Alors que j’avais toujours attribué l’origine de la civilisation à la maîtrise du feu ou à la fabrication d’outils, cette affirmation venait ébranler mes certitudes et m’avait profondément fait réfléchir. Je dirais même qu’elle m’a accompagnée tout au long de mes études en anthropologie et même ensuite en tant que travailleuse dans le milieu communautaire.

Et si la leçon que nous avions à tirer de cette crise du COVID-19 était une leçon d’humanité? Si cette crise était une occasion pour nous en tant que société de repartir sur de nouvelles bases pour développer une société plus solidaire, une société qui se soucie et prend soin les uns des autres, une société qui ne laisse pas tomber les plus vulnérables.
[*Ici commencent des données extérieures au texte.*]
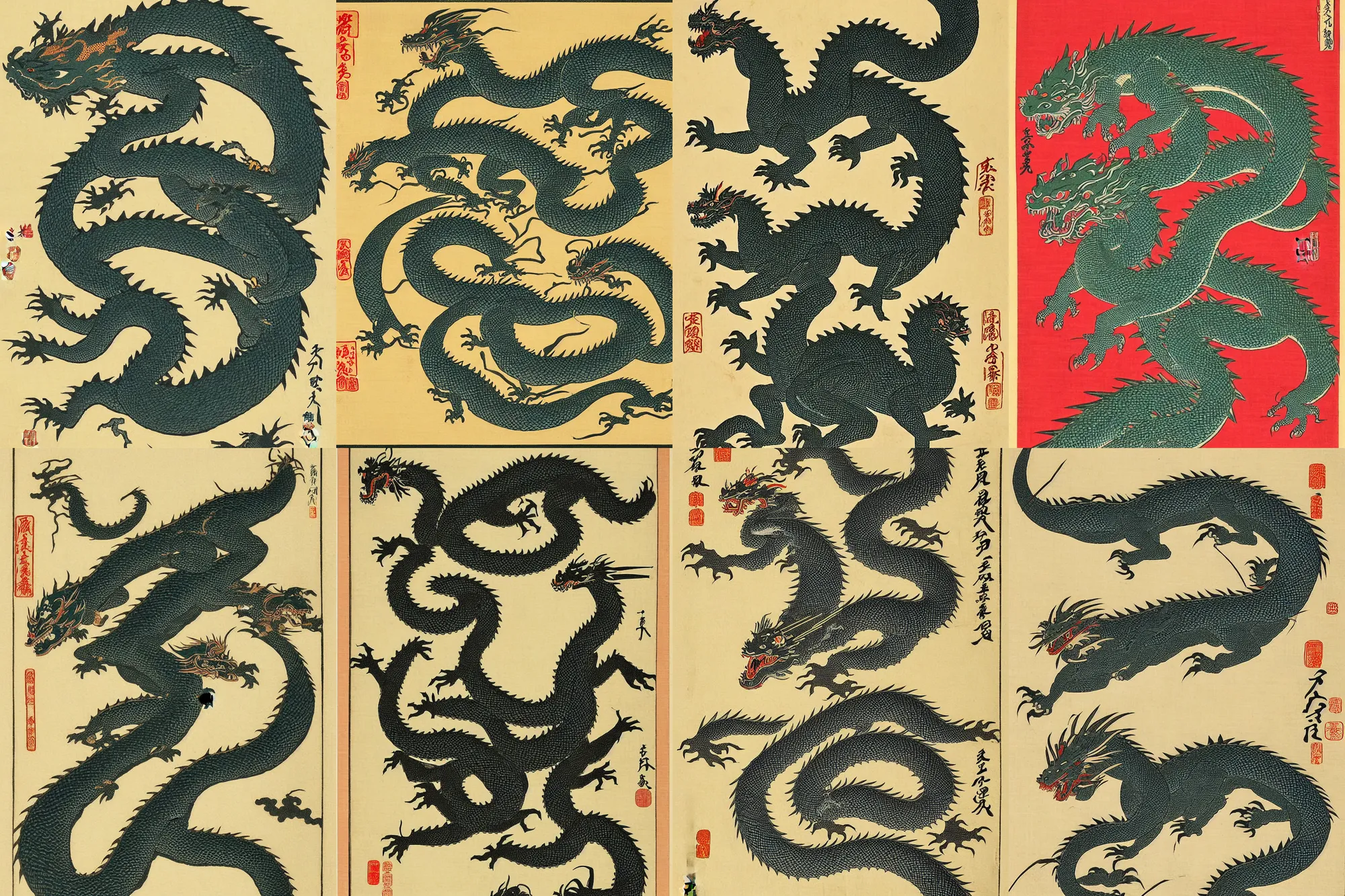 Prompt: Japanese art Woodblock print of a oriental dragon, in ancient Japan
Car cette crise nous remet vraiment en pleine face le non-fonctionnement de notre modèle actuel de société, vous ne trouvez pas?

On a beau vouloir se dire que  « ça va bien aller », mais en réalité, on ne peut que constater que ça ne va pas bien aller pour tout le monde. Car notre modèle de société, au lieu d’aider les populations à améliorer leur sort, favorise plutôt les inégalités. Les gouvernements ont tellement coupé dans les programmes sociaux au fil des 30 dernières années, que le filet social qu’il nous reste est troué au point que, même nos propres parents et grands-parents sont oubliés.
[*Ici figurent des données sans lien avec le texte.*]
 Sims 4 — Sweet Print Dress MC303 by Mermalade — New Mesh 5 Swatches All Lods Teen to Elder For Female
On voit aussi que les directives de santé publique (lavage fréquent des mains et confinement) sont complètement inappropriées pour une partie de la population. Comment être en confinement lorsque nous vivons dans la rue? Comment se laver fréquemment les mains quand on n’a pas accès à l’eau? Nous sommes donc totalement inégaux face au virus, face à notre capacité de faire face à cette catastrophe et de se relever. Car ce que nous vivons actuellement est bien une catastrophe. Du grec cata : coupure et strophe : tournant. Le choix des mots est important, car dans ce mot, il y a l’idée d’une rupture avec nos anciennes façons de faire. L’idée  de repartir sur de nouvelles bases, mais pas comme avant. J’espère que cette catastrophe est assez grosse pour nous faire réfléchir collectivement et faire les bons choix pour le futur.

Je sais, c’est plus facile à dire qu’à faire, mais ce soir, j’ai besoin de donner un sens à cette crise et de garder espoir en l’humanité. Alors j’ose rêver! J’ose rêver que ce satané virus soit une occasion de repartir sur de nouvelles valeurs plus humaines qui ne laissent personne derrière.